BEGIN

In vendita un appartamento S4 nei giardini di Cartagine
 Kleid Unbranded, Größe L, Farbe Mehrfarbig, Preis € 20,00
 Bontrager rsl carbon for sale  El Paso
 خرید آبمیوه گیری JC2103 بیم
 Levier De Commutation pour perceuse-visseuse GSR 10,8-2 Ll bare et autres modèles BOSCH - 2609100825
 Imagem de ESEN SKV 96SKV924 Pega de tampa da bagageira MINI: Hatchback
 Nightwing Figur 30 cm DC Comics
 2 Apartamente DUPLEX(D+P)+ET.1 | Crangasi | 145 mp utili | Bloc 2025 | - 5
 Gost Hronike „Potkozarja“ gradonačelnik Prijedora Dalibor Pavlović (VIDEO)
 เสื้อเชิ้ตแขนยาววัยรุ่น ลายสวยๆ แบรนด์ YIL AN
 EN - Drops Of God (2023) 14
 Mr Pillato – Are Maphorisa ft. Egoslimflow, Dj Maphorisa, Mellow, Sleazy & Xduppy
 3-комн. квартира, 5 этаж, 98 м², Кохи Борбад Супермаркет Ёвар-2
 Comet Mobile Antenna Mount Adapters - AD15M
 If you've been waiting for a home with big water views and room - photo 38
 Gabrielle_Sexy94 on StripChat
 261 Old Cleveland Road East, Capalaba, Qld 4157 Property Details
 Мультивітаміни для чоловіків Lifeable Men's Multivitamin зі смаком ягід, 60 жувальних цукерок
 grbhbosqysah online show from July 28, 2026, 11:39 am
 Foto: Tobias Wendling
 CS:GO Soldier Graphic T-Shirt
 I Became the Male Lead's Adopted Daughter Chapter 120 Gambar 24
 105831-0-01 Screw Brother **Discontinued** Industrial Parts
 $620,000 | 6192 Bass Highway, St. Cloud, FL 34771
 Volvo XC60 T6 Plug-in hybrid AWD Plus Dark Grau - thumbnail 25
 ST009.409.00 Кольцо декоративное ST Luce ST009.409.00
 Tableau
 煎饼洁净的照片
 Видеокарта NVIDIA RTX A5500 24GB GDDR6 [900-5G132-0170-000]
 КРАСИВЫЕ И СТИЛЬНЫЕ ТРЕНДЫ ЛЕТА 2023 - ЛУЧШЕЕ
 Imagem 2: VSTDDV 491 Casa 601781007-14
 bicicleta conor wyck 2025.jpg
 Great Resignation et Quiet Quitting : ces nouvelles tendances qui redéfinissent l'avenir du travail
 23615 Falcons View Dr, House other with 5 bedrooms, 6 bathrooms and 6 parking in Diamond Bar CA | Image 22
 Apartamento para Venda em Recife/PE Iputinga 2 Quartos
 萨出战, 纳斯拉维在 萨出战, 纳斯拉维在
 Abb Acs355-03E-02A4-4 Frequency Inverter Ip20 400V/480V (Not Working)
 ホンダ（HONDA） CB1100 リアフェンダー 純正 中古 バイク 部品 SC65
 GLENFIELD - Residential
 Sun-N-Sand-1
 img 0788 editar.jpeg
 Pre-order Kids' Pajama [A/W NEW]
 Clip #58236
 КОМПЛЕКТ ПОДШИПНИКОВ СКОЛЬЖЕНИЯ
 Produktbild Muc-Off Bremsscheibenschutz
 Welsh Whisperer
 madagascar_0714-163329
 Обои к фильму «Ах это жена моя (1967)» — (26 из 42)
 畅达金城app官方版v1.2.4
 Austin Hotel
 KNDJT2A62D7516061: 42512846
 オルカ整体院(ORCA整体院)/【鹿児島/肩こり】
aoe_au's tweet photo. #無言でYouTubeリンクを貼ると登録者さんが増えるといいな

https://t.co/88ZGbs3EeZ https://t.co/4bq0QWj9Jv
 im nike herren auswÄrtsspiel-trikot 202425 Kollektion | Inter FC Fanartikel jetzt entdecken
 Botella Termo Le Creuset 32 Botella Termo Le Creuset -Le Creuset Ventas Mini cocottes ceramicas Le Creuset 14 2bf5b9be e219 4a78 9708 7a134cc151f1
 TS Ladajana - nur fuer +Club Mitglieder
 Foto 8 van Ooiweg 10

END

# WHAT TO PRODUCE
Restate each entry word for word.

# PROBLEM SOLUTION
In vendita un appartamento S4 nei giardini di Cartagine
 Kleid Unbranded, Größe L, Farbe Mehrfarbig, Preis € 20,00
 Bontrager rsl carbon for sale  El Paso
 خرید آبمیوه گیری JC2103 بیم
 Levier De Commutation pour perceuse-visseuse GSR 10,8-2 Ll bare et autres modèles BOSCH - 2609100825
 Imagem de ESEN SKV 96SKV924 Pega de tampa da bagageira MINI: Hatchback
 Nightwing Figur 30 cm DC Comics
 2 Apartamente DUPLEX(D+P)+ET.1 | Crangasi | 145 mp utili | Bloc 2025 | - 5
 Gost Hronike „Potkozarja“ gradonačelnik Prijedora Dalibor Pavlović (VIDEO)
 เสื้อเชิ้ตแขนยาววัยรุ่น ลายสวยๆ แบรนด์ YIL AN
 EN - Drops Of God (2023) 14
 Mr Pillato – Are Maphorisa ft. Egoslimflow, Dj Maphorisa, Mellow, Sleazy & Xduppy
 3-комн. квартира, 5 этаж, 98 м², Кохи Борбад Супермаркет Ёвар-2
 Comet Mobile Antenna Mount Adapters - AD15M
 If you've been waiting for a home with big water views and room - photo 38
 Gabrielle_Sexy94 on StripChat
 261 Old Cleveland Road East, Capalaba, Qld 4157 Property Details
 Мультивітаміни для чоловіків Lifeable Men's Multivitamin зі смаком ягід, 60 жувальних цукерок
 grbhbosqysah online show from July 28, 2026, 11:39 am
 Foto: Tobias Wendling
 CS:GO Soldier Graphic T-Shirt
 I Became the Male Lead's Adopted Daughter Chapter 120 Gambar 24
 105831-0-01 Screw Brother **Discontinued** Industrial Parts
 $620,000 | 6192 Bass Highway, St. Cloud, FL 34771
 Volvo XC60 T6 Plug-in hybrid AWD Plus Dark Grau - thumbnail 25
 ST009.409.00 Кольцо декоративное ST Luce ST009.409.00
 Tableau
 煎饼洁净的照片
 Видеокарта NVIDIA RTX A5500 24GB GDDR6 [900-5G132-0170-000]
 КРАСИВЫЕ И СТИЛЬНЫЕ ТРЕНДЫ ЛЕТА 2023 - ЛУЧШЕЕ
 Imagem 2: VSTDDV 491 Casa 601781007-14
 bicicleta conor wyck 2025.jpg
 Great Resignation et Quiet Quitting : ces nouvelles tendances qui redéfinissent l'avenir du travail
 23615 Falcons View Dr, House other with 5 bedrooms, 6 bathrooms and 6 parking in Diamond Bar CA | Image 22
 Apartamento para Venda em Recife/PE Iputinga 2 Quartos
 萨出战, 纳斯拉维在 萨出战, 纳斯拉维在
 Abb Acs355-03E-02A4-4 Frequency Inverter Ip20 400V/480V (Not Working)
 ホンダ（HONDA） CB1100 リアフェンダー 純正 中古 バイク 部品 SC65
 GLENFIELD - Residential
 Sun-N-Sand-1
 img 0788 editar.jpeg
 Pre-order Kids' Pajama [A/W NEW]
 Clip #58236
 КОМПЛЕКТ ПОДШИПНИКОВ СКОЛЬЖЕНИЯ
 Produktbild Muc-Off Bremsscheibenschutz
 Welsh Whisperer
 madagascar_0714-163329
 Обои к фильму «Ах это жена моя (1967)» — (26 из 42)
 畅达金城app官方版v1.2.4
 Austin Hotel
 KNDJT2A62D7516061: 42512846
 オルカ整体院(ORCA整体院)/【鹿児島/肩こり】
aoe_au's tweet photo. #無言でYouTubeリンクを貼ると登録者さんが増えるといいな

https://t.co/88ZGbs3EeZ https://t.co/4bq0QWj9Jv
 im nike herren auswÄrtsspiel-trikot 202425 Kollektion | Inter FC Fanartikel jetzt entdecken
 Botella Termo Le Creuset 32 Botella Termo Le Creuset -Le Creuset Ventas Mini cocottes ceramicas Le Creuset 14 2bf5b9be e219 4a78 9708 7a134cc151f1
 TS Ladajana - nur fuer +Club Mitglieder
 Foto 8 van Ooiweg 10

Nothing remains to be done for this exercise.